VIOLENCE DOMESTIQUE – Toute victime d’agression peut s’adresser, sur rendez-vous, au Centre neuchâtelois de médecine des violences. La consultation, gratuite et confidentielle, permet d’obtenir un constat médico-légal des lésions et d’être orienté-e vers des structures de soutien.
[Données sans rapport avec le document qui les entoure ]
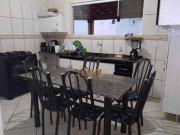 Casa com 4 dormitórios à venda, 170 m² por R$ 600.000...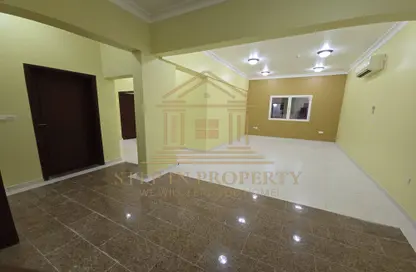 Apartment - 4 Bedrooms - 3 Bathrooms for rent in Al Mansoura - Al Mansoura - Doha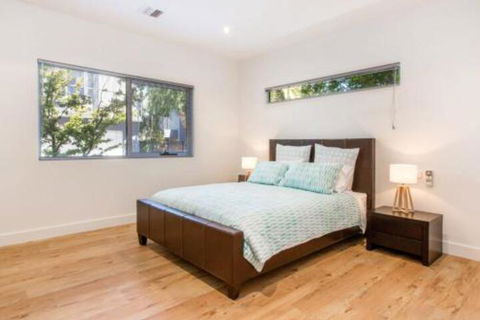 PALM COURT RETREAT MORNINGTON - Hervey Bay Accommodation 2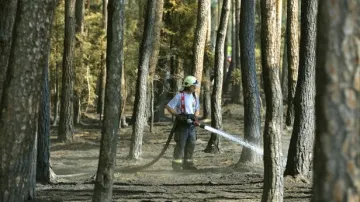 Hasiči zápasí s požáry u Rakovníka i Boleslavi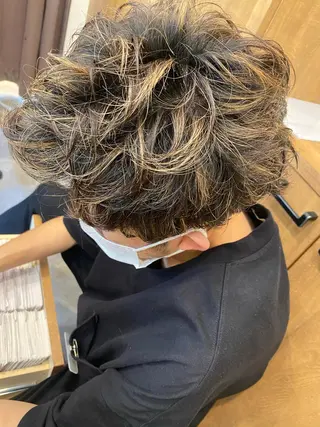 パーマ メンズ 🌼ハイライト透明感 🌼maiのヘアスタイル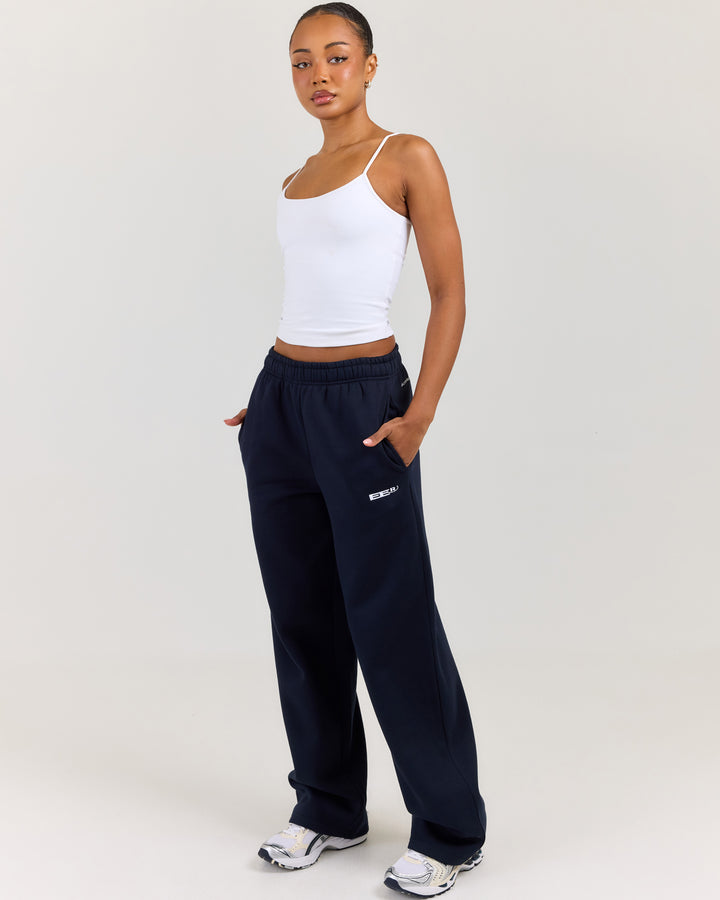 Arc Straight Leg Pants - Navy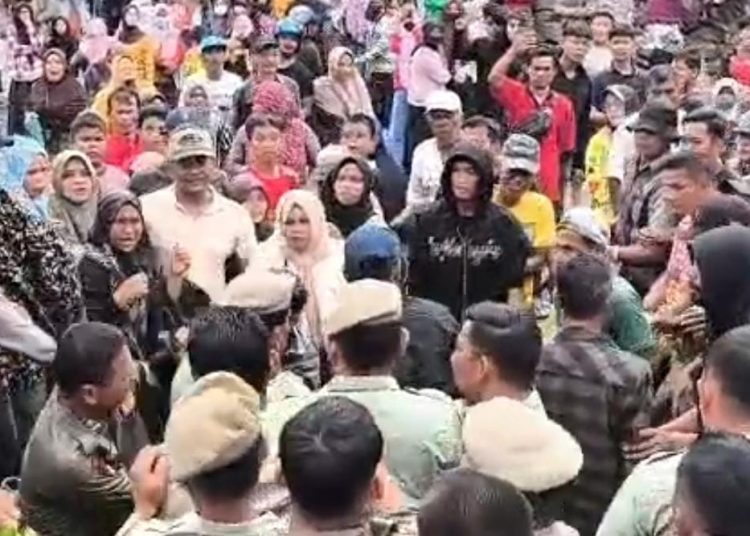 Ricuh Meugang di Meuligoe Gubernur Aceh, Personel Satpol PP Dipukul Massa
La médecin légiste Josiane Zeyer-Brunner (à g.) et Eleonora Brogna Pais, infirmière forensique spécialisée. © Guillaume Perret
Que faire quand on a subi une agression dans le cercle familial ou communautaire – que ce soit dans la rue, au travail, à l’école ou pendant une soirée? Où s’adresser pour pouvoir bénéficier d’une consultation médico-légale et de soutiens appropriés? C’est justement pour répondre à ces besoins spécifiques que le Centre neuchâtelois de médecine des violences (CNMV) a été ouvert en novembre 2024. Fruit d’une collaboration impliquant la police, les autorités judiciaires, l’Office de la politique familiale et de l’égalité (OFPE) et la santé publique notamment, il a été mis en place sur le site de Pourtalès (Neuchâtel) du Réseau hospitalier neuchâtelois (RHNe). Les demandes ont déjà commencé à affluer.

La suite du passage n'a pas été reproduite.